TabPFN is intended as a powerful drop-in replacement for traditional tabular data prediction tools, where top performance and fast training matter. It still requires data scientists to prepare the data using their domain knowledge. Data scientists will see benefits in performing feature engineering, data cleaning, and problem framing to get the most out of TabPFN.

Limitations of TabPFN

  1. TabPFN's inference speed may be slower than highly optimized approaches like CatBoost.
  2. TabPFN's memory usage scales linearly with dataset size, which can be prohibitive for very large datasets.
  3. Our evaluation focused on datasets with up to 10,000 samples and 500 features; scalability to larger datasets requires further study.
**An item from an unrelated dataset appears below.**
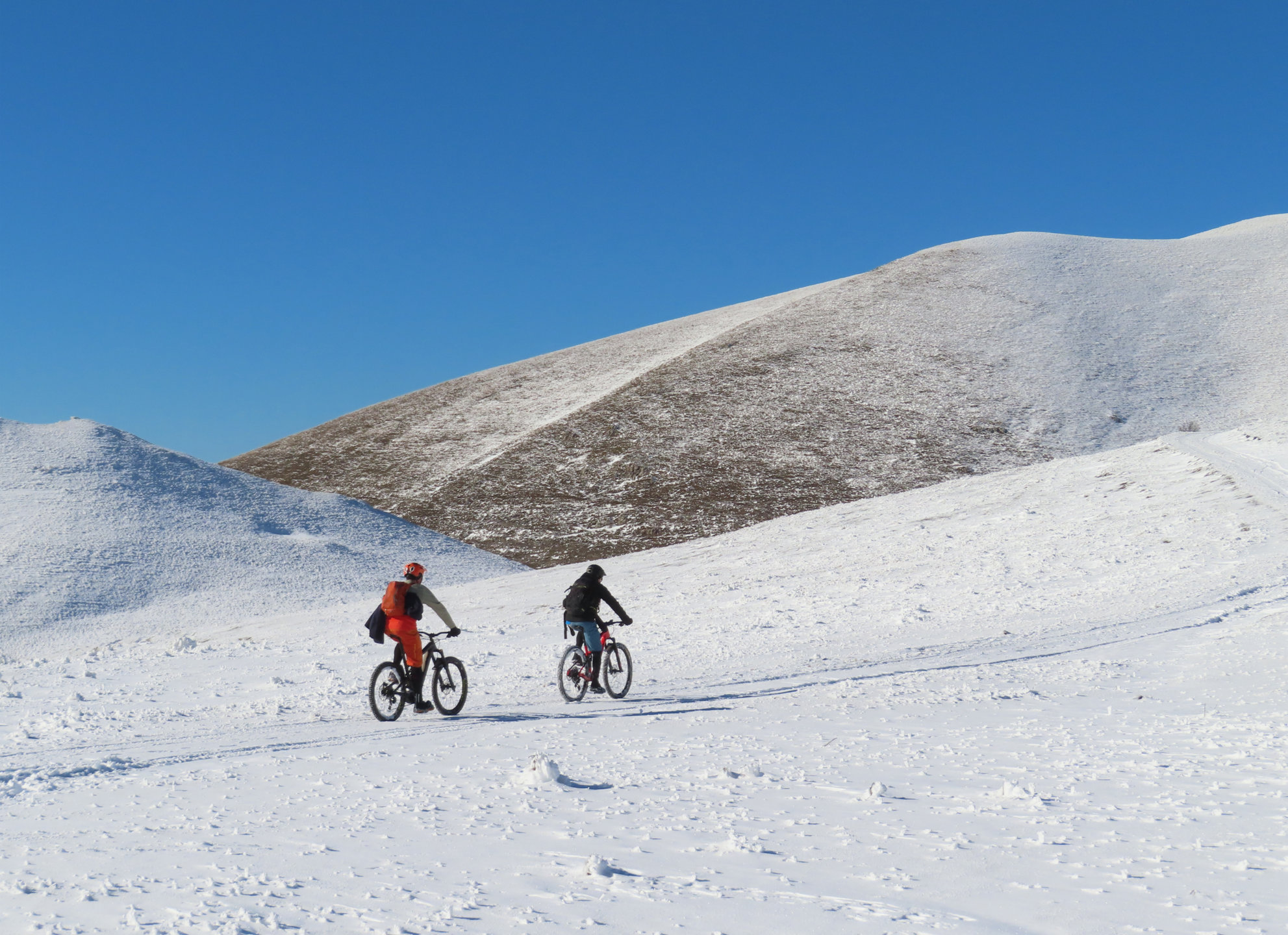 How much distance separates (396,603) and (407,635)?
43cm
Computational and Time Requirements

TabPFN is computationally efficient and can run inference on consumer hardware for most datasets. Training on a new dataset is recommended to run on a GPU as this speeds it up significantly. TabPFN is not optimized for real-time inference tasks, but V2 can perform much faster predictions than V1 of TabPFN.

Data Preparation

TabPFN can handle raw data with minimal preprocessing. Provide the data in a tabular format, and TabPFN will automatically handle missing values, encode categorical variables, and normalize features. While TabPFN works well out-of-the-box, performance can further be improved using dataset-specific preprocessings.

Interpreting Results

TabPFN's predictions come with uncertainty estimates, allowing you to assess the reliability of the results. You can use SHAP to interpret TabPFN's predictions and identify the most important features driving the model's decisions.

Hyperparameter Tuning

TabPFN provides strong performance out-of-the-box without extensive hyperparameter tuning. If you have additional computational resources, you can automatically tune its hyperparameters using post-hoc ensembling or random tuning.